The question needs to be stated like this:

"why a cyclist leans inwards when he is negotiating a curve on a unbanked road"

Lets concentrate on the first figure on the left.

The cyclist when negotiating a curve towards his right, experiences three forces as shown.
Weight $= m g$ acting towards the centre of earth,
Normal Reaction $R$ equal and opposite to weight and
Force of friction $F$.

Recall that motion in a circle requires centripetal force. This is provided by Static frictional force
$F = {\mu}_{s} \times R = {\mu}_{s} m g$
where $m$ is mass of cyclist and bicycle, and $g$ is acceleration due to gravity and is $9.81 m {s}^{-} 2$.

When the cyclist negotiates the curve, Centripetal force ${F}_{c} = \frac{m {v}^{2}}{r}$

To prevent the cyclist from skidding centripetal force must be equal or less than the force of static friction.

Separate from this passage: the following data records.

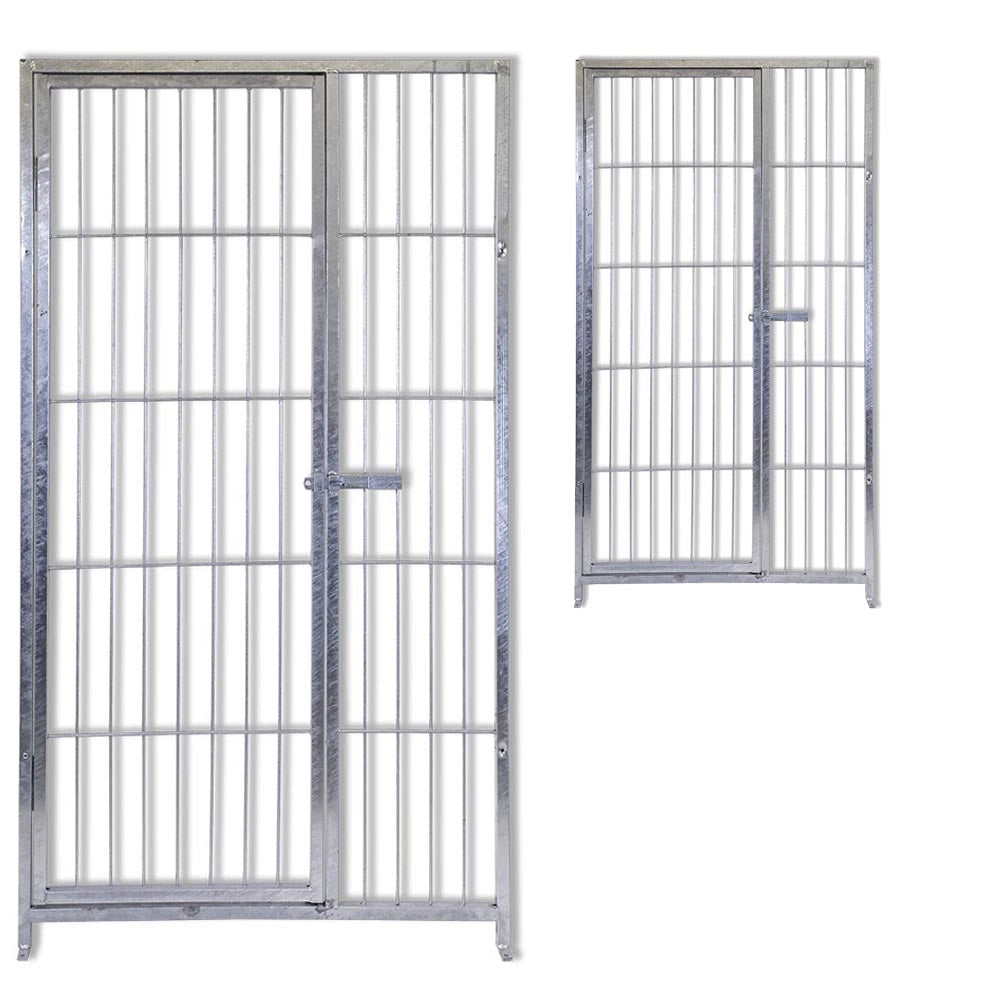 2 pannelli con porta in rete per box cani con zincatura elettrolitica ciascuno misura 100xh180 cm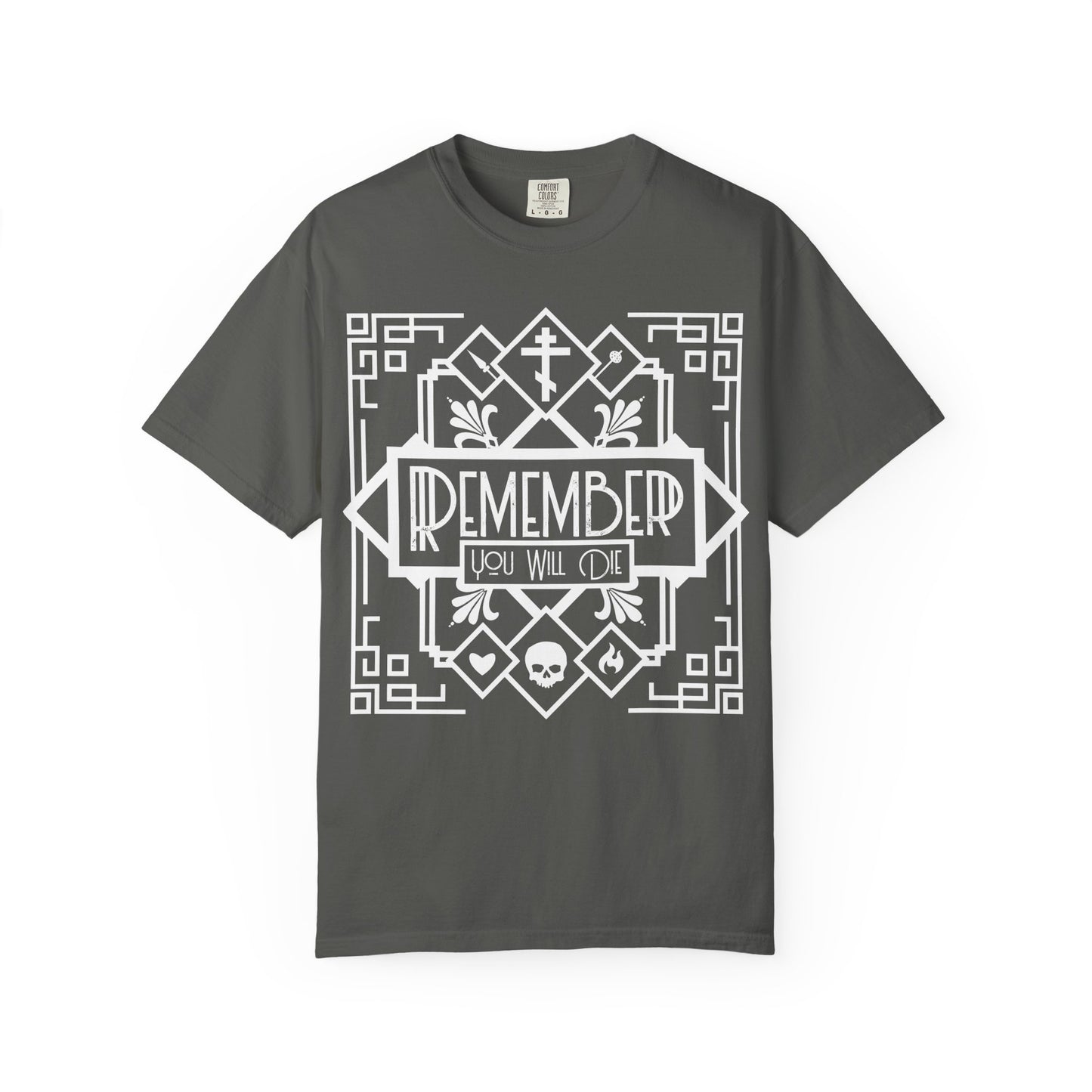 Remember You Will Die Art Deco Design | Black and White Line Art | Skull Heart Fire | Memento Mori | Heavyweight Cotton Unisex T-Shirt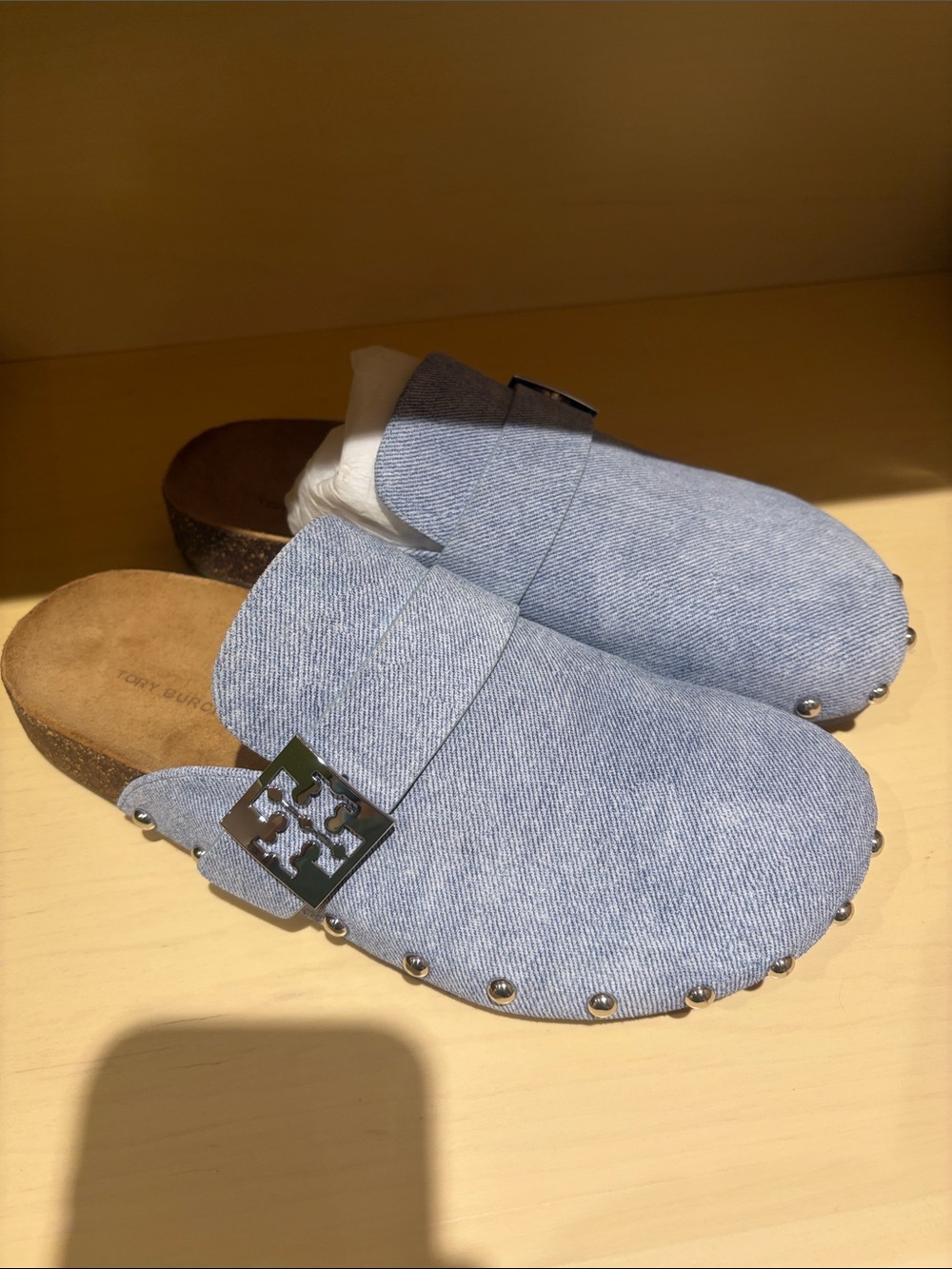 Tory Burch Denim Blue Cloud Mellow Mules - Picture 3 of 5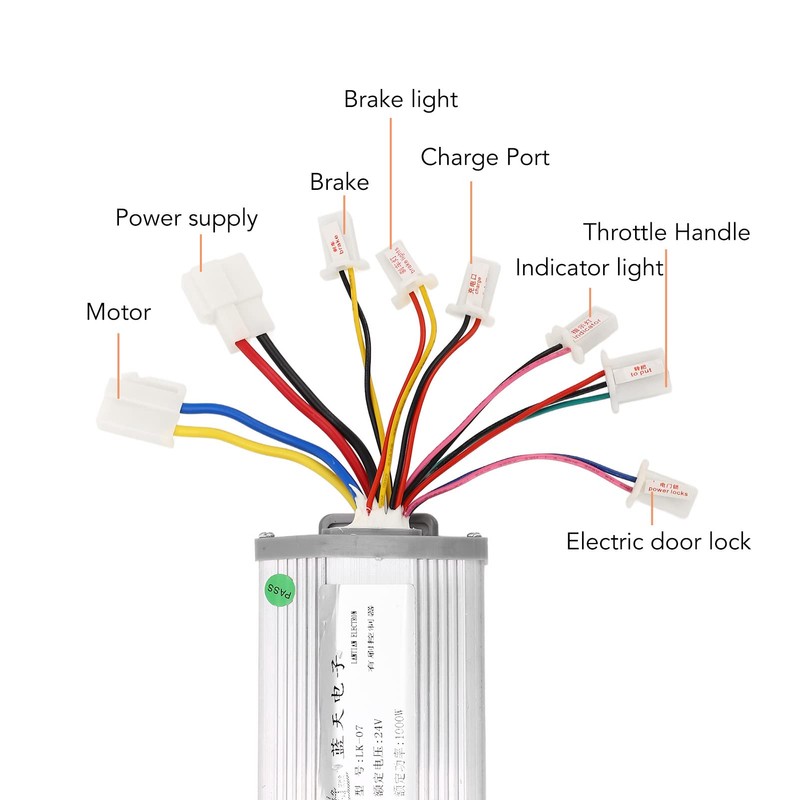 24V 1000W Bike Brushed Motor Controller with Twist Throttle Handle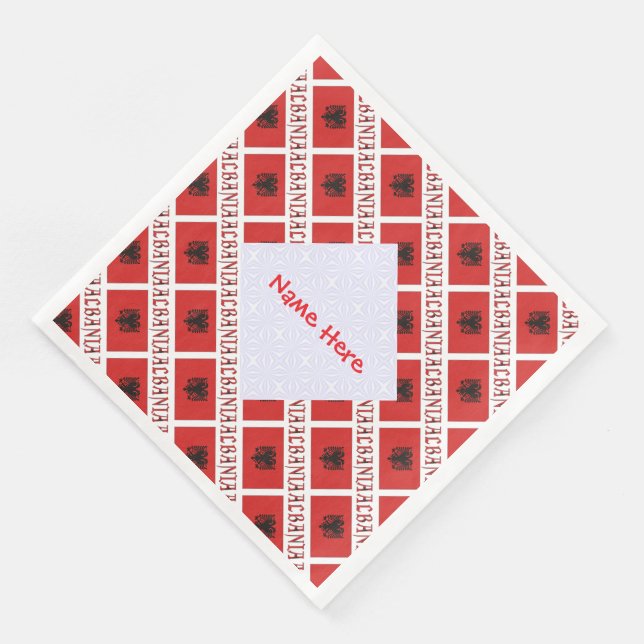 Serviette En Papier Albanais Drapeau Carrelé Rouge Personnalisé (Coin)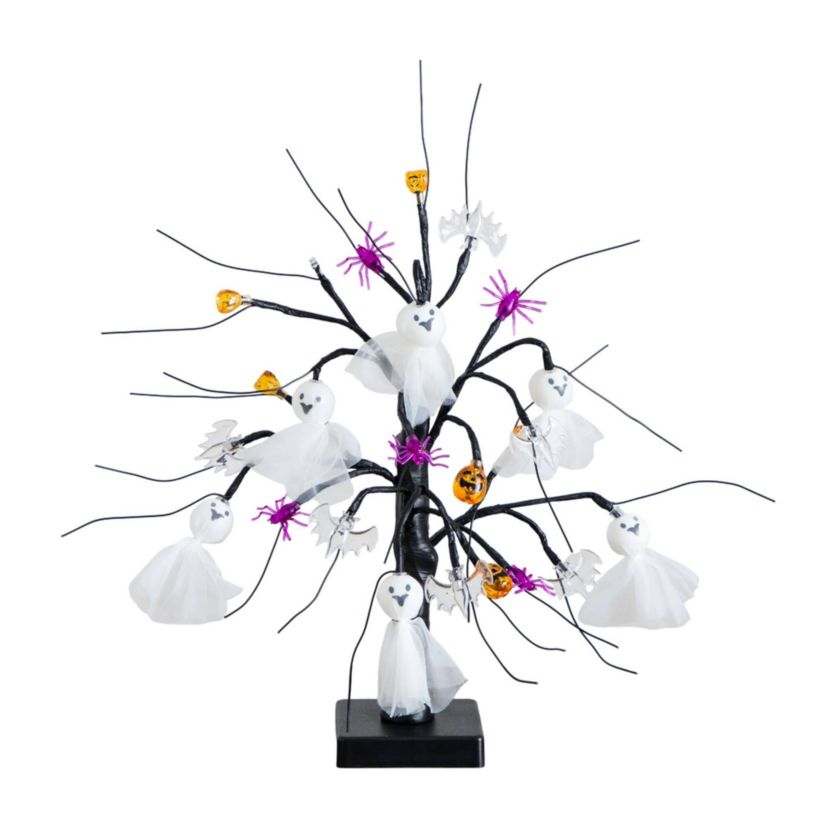 18-Inch Pre-Lit Artificial Halloween Ghost Dolls, Spiders, Bats & Pumpkins 24 LED Lighted Ornament Tree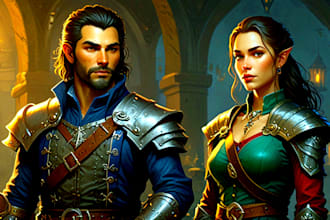 draw a dnd character design and dnd character art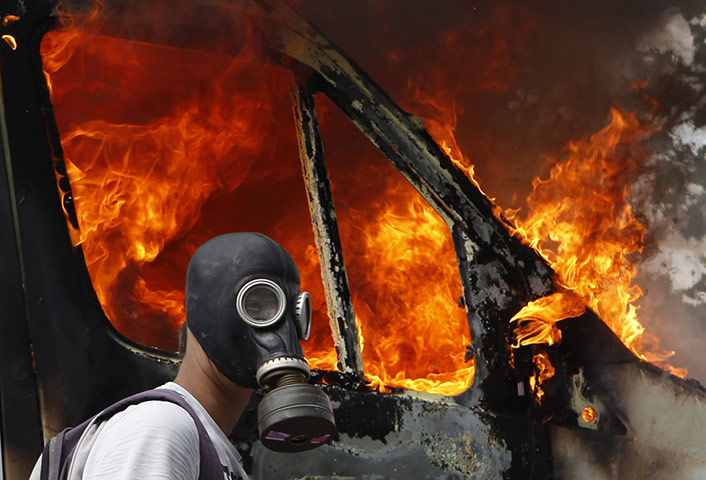 Greece strikes : burning outside broadcast van in Syntagma Square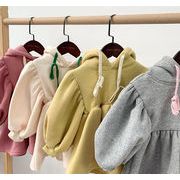 2024年秋冬子供服、女の子用フード付きセーター、厚手のフリースドレス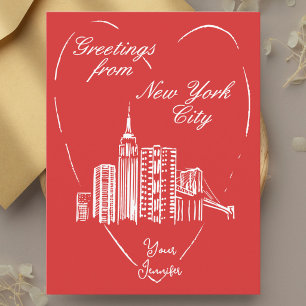 New York City NYC handpainted greeting Postcard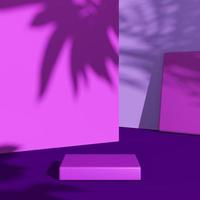 fondo abstracto para presentaciones o anuncios, escena de terciopelo violeta y sombra de plantas tropicales en el fondo. representación 3d foto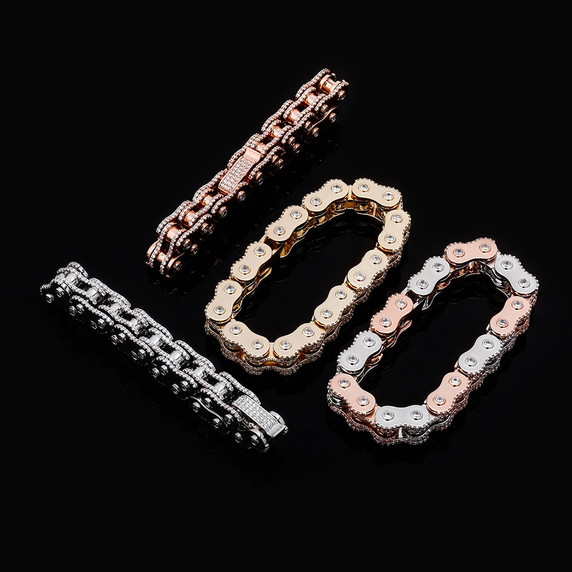 18mm 14k White Yellow Rose Gold Hip Hop Biker Boy Motorcycle Bike Chain Bracelet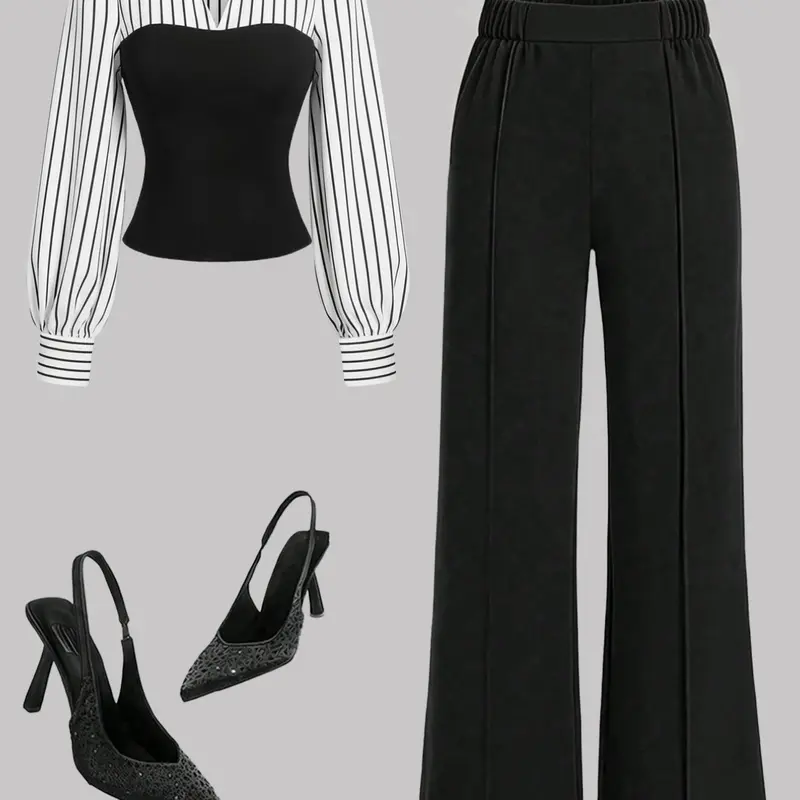 Women's Fall New Simple Style Bubble Sleeve Lapel Striped Colorblock Fitted Top Elastic Waist Loose Long Pants Set Clothing Sets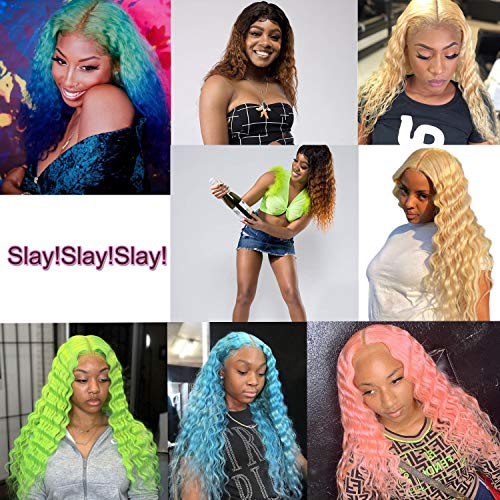 18 Inch 613 Lace Front Wig Curly Brazilian Virgin Human Hair Blonde Deep Wave Lace Front Wigs for Black Women 150% Density Pre Plucked with Baby Hairs, Can be Dyed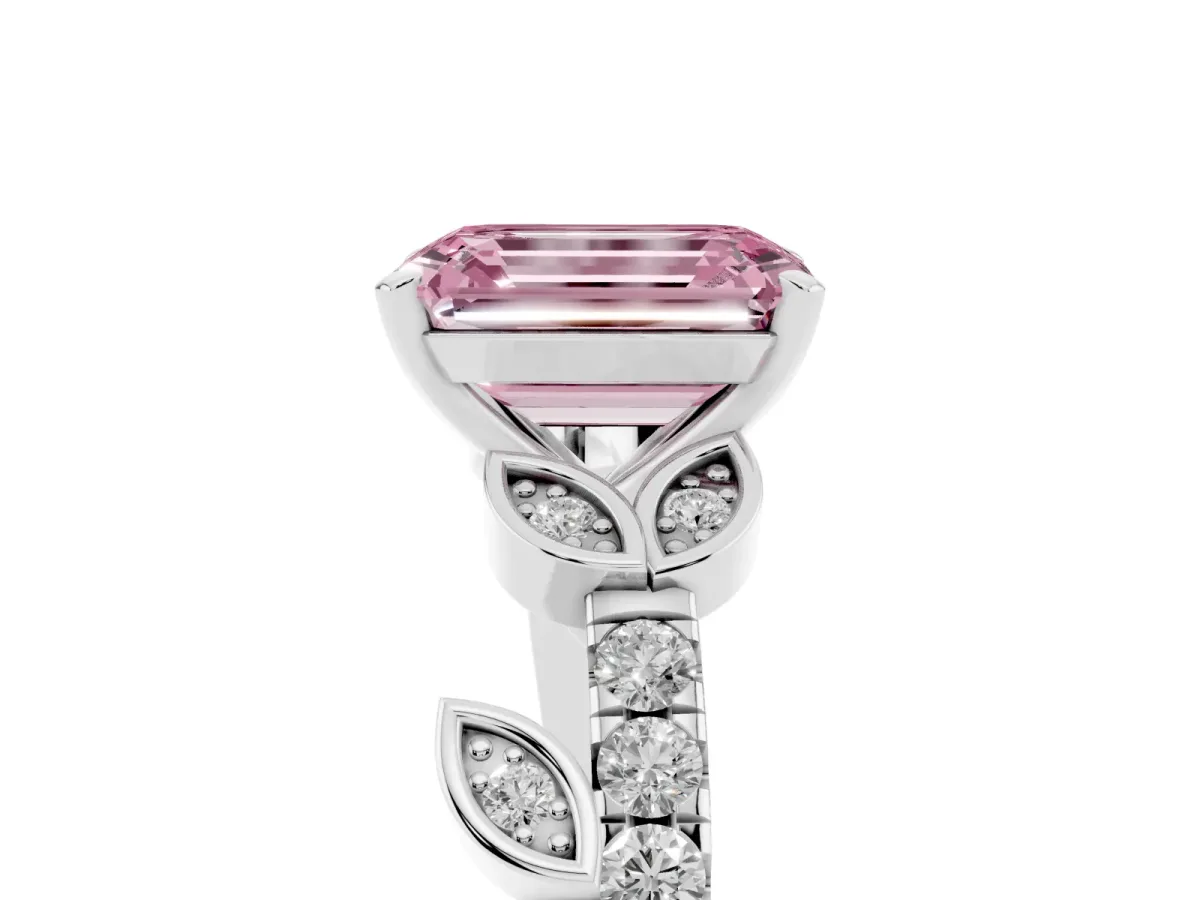 Fancy Pink Emerald Cut Solitaire Leaf-Inspired Diamond Ring with Pavé Band and Four-Prong Setting Silver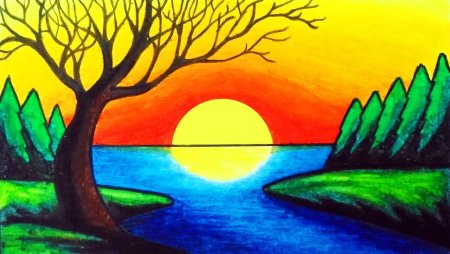 Рассвет рисование для детей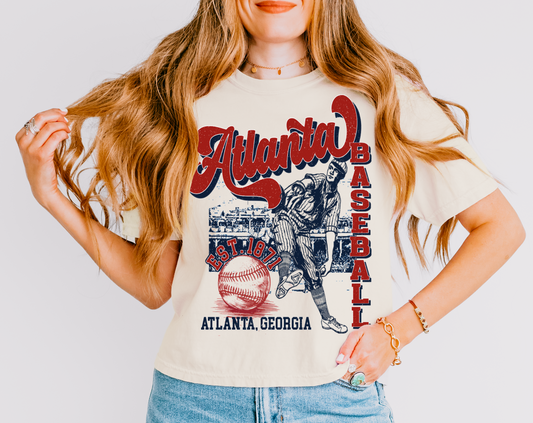 Comfort Colors Atlanta Baseball Vintage Cropped Tee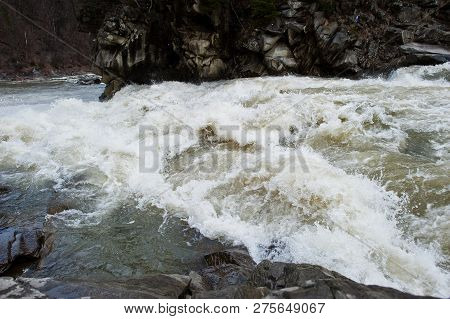 Incredible And Stormy Prut River At Carpathian Mountains, Jaremcze Resort, Ukraine, Europe.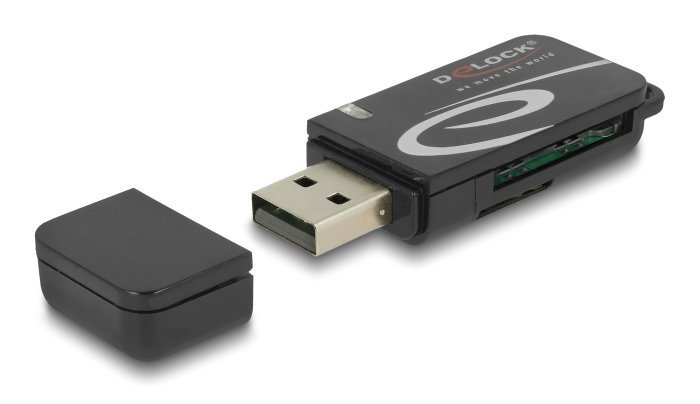 DELOCK card reader  για SD & micro SD, USB, 480Mbps, μαύρο 6048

While the cyclist negotiates the curve, if he bends inwards from the vertical, by an angle θ. The reaction $R$ could be resolved into two components as shown in right figure

1. R sin θ component, acting towards the centre of the curve and providing required centripetal force.
2.  R cos θ component which balances the weight of the cyclist plus of bicycle.

For equilibrium
R sin θ = (mv^2)/r .........(1)
R cos θ = mg ............(2)

Dividing equation (1) by (2) we get
(Rsin θ)/(R cos θ) = ((mv^2)/r ) / (mg
=> tan θ = v^2/(rg)# .............(3)

Equation (3) tells us the amount of angle cyclist should bend inwards for a given velocity and radius of curve so as to prevent skidding.